_Exercise_: Pictures stay out of the copy. Retype exactly the lines below from the one with "Reuters Doc tests virus in tube" through the one with "Lookinf for Allergy".

_Raw data_:

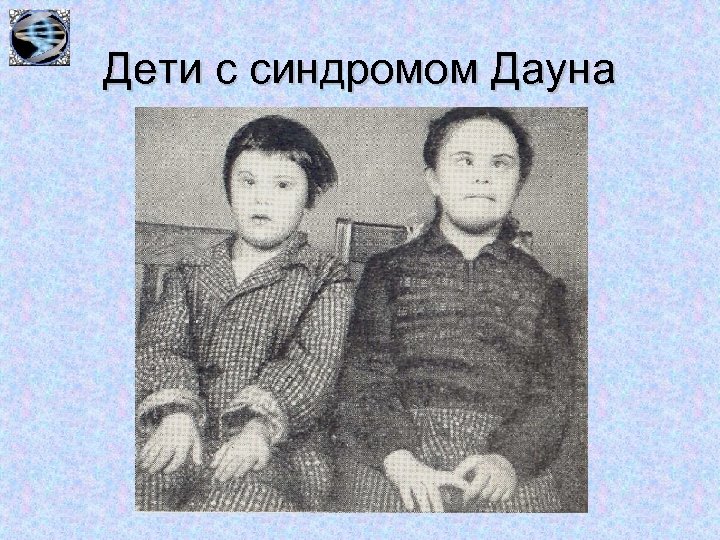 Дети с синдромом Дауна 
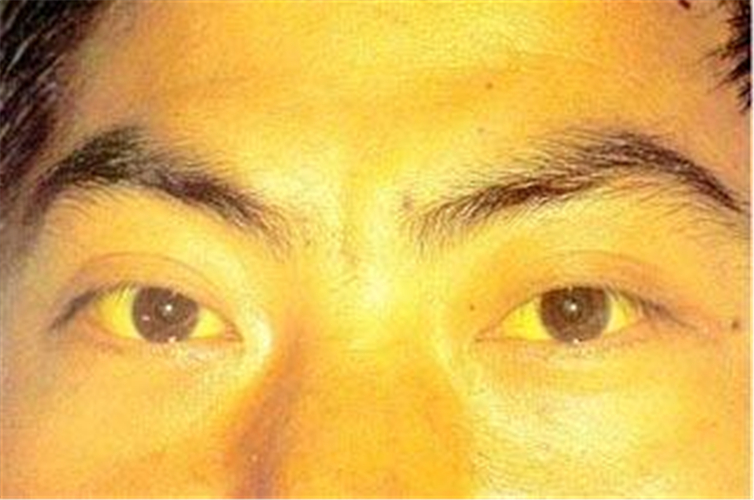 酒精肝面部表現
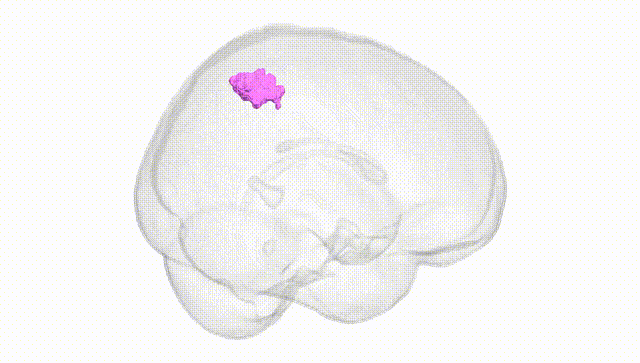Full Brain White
* * *
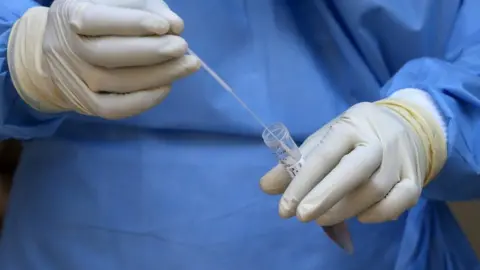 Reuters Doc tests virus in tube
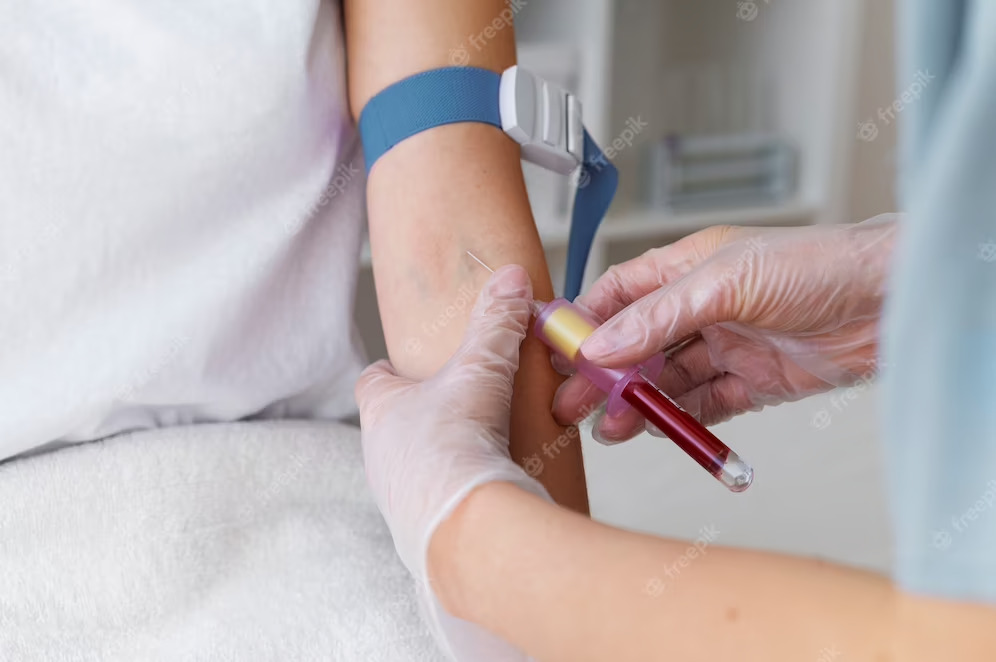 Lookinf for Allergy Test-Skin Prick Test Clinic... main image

_Reply to the task_:
 Reuters Doc tests virus in tube
 Lookinf for Allergy Test-Skin Prick Test Clinic... main image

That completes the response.